I was researching the TT seen here. The model dates from 1998 and is sold as a two-seater soft top with a boot and as a coupe with Plus 2 rear seats and a fastback tailgate. We are now on the third generation. For the record, prices start at £31,565 for the Sport 40 TFSI. Oddly, this engine is only offered with S-Tronic automatic gears.

The TT name commemorates the original Tourist Trophy motor bike races on the Isle of Man in which NSU and DKW had success. They became part of what is now Audi and are represented in the four-ring brand logo.

The first TTs were judged unstable at high speed swerves – which was resolved with suspension tweaks and the addition of an air-streaming lip on the tail, which also disrupted the clean design.

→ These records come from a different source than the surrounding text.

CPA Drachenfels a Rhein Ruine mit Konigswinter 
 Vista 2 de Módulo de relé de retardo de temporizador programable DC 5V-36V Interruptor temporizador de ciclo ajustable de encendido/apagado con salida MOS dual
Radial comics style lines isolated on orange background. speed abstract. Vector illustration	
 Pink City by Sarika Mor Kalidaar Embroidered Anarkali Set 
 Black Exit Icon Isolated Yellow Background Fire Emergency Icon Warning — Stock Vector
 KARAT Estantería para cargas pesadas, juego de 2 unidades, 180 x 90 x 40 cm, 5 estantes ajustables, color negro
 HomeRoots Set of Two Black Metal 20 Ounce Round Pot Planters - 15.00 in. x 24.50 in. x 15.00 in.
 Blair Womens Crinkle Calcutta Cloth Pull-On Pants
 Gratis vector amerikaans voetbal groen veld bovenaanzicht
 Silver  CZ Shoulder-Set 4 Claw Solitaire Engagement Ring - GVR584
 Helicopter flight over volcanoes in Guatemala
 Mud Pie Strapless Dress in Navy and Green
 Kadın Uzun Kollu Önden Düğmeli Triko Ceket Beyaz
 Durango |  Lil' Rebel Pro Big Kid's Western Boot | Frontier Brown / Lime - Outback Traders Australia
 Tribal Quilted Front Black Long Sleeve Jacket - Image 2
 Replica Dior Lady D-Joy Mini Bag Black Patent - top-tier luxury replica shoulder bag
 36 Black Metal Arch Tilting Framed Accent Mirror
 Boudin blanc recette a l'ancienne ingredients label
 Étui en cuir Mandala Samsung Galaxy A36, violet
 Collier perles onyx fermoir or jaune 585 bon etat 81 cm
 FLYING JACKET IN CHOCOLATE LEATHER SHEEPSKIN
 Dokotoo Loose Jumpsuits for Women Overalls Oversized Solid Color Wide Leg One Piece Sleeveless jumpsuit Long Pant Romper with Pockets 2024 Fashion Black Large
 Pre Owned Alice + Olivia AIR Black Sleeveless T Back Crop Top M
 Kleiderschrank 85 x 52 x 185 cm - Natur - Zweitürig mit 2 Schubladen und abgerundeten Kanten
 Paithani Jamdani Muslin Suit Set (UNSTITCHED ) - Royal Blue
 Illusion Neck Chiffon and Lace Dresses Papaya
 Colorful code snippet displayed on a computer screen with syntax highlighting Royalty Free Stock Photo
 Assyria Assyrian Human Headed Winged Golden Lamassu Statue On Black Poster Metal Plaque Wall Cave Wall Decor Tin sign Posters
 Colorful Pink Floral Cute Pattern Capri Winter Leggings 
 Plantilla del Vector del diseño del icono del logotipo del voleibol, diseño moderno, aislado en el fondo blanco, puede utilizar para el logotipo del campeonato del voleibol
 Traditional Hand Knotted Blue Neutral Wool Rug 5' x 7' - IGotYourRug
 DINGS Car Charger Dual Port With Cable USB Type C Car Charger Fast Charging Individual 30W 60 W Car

The body’s spare, functional and pleasing aesthetics reminded us of the influence of the Bauhaus art school in pre-Second World War Germany. Vestiges of that elegance remain in the current TT but the demands of marketing and evolution and greater performance have led to the harsher, brutal grimace of today’s car. Sales have passed the 600,000 mark in the TT’s two decades, years which have seen the Audi brand take its place in the German peerage. The 2014 TT had a mild facelift for this year. The most evident feature is the complex 3D radiator grille from the R8 and on all but the standard car, a more aggressive set of air ducts. The very impressive virtual cockpit display has been brought up to date but the big changes are out of sight, under the bonnet.

The 1.8 litre petrol turbo engine has been replaced with a beefier 2-litre petrol turbo, badged 40 TFSI with 194 bhp and front-wheel drive. A 242 bhp version, familiar in various VW Group hot cars, is badged as the 45 and is available with quattro 4x4 drive which can send total drive to either the front or rear wheels. Gearboxes: the new, quicker shifting 7-speed twin clutch S-Tronic automatic comes with both models, while a six-speed manual is an option on the “45” with front-drive.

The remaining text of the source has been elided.